(Items listed in a dataset)
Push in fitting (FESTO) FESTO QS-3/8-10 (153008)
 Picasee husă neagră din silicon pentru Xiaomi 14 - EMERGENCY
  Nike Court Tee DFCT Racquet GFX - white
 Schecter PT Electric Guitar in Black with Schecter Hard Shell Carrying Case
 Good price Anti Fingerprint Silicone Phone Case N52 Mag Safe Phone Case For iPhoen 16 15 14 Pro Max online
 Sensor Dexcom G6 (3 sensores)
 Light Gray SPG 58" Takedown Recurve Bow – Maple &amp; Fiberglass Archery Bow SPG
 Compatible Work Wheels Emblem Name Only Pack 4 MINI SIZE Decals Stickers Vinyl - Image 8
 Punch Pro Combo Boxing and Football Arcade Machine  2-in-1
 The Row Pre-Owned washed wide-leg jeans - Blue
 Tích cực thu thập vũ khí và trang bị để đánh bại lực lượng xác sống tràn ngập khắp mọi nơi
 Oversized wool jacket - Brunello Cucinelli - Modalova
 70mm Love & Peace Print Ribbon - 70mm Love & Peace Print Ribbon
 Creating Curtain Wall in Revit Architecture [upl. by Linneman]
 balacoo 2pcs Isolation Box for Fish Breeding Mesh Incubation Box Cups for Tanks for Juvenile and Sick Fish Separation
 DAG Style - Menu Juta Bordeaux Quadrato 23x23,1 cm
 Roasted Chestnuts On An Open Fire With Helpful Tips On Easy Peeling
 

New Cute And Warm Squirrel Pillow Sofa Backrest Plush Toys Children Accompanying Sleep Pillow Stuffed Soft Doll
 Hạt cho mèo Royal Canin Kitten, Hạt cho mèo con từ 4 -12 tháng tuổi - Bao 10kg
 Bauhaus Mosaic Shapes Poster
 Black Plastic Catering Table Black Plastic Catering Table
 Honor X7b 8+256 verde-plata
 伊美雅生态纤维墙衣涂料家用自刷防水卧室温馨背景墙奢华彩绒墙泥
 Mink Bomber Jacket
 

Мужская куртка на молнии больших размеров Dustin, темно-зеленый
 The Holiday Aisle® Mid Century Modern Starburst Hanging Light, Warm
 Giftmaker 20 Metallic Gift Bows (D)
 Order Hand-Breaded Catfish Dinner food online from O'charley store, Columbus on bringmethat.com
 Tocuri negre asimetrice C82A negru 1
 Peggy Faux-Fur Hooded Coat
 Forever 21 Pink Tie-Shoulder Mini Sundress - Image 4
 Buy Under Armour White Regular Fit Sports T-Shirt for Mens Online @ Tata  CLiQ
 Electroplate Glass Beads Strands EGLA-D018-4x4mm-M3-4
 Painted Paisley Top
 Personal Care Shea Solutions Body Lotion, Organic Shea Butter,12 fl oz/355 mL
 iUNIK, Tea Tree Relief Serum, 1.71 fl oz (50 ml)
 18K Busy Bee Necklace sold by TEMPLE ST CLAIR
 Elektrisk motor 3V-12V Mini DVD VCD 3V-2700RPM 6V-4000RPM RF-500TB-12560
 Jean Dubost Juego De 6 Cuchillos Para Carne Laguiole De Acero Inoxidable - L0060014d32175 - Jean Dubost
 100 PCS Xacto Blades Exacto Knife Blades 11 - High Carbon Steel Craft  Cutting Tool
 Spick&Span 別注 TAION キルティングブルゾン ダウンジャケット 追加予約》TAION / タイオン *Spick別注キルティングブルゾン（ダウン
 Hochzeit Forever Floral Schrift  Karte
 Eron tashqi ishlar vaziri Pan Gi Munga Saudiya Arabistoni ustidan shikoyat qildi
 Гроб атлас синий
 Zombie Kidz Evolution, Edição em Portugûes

→ Problem to work on: Copy exactly the line that contains "Mink Bomber Jacket" and every line after it, up to and including the last line of the records.

→ Written answer:
 Mink Bomber Jacket
 

Мужская куртка на молнии больших размеров Dustin, темно-зеленый
 The Holiday Aisle® Mid Century Modern Starburst Hanging Light, Warm
 Giftmaker 20 Metallic Gift Bows (D)
 Order Hand-Breaded Catfish Dinner food online from O'charley store, Columbus on bringmethat.com
 Tocuri negre asimetrice C82A negru 1
 Peggy Faux-Fur Hooded Coat
 Forever 21 Pink Tie-Shoulder Mini Sundress - Image 4
 Buy Under Armour White Regular Fit Sports T-Shirt for Mens Online @ Tata  CLiQ
 Electroplate Glass Beads Strands EGLA-D018-4x4mm-M3-4
 Painted Paisley Top
 Personal Care Shea Solutions Body Lotion, Organic Shea Butter,12 fl oz/355 mL
 iUNIK, Tea Tree Relief Serum, 1.71 fl oz (50 ml)
 18K Busy Bee Necklace sold by TEMPLE ST CLAIR
 Elektrisk motor 3V-12V Mini DVD VCD 3V-2700RPM 6V-4000RPM RF-500TB-12560
 Jean Dubost Juego De 6 Cuchillos Para Carne Laguiole De Acero Inoxidable - L0060014d32175 - Jean Dubost
 100 PCS Xacto Blades Exacto Knife Blades 11 - High Carbon Steel Craft  Cutting Tool
 Spick&Span 別注 TAION キルティングブルゾン ダウンジャケット 追加予約》TAION / タイオン *Spick別注キルティングブルゾン（ダウン
 Hochzeit Forever Floral Schrift  Karte
 Eron tashqi ishlar vaziri Pan Gi Munga Saudiya Arabistoni ustidan shikoyat qildi
 Гроб атлас синий
 Zombie Kidz Evolution, Edição em Portugûes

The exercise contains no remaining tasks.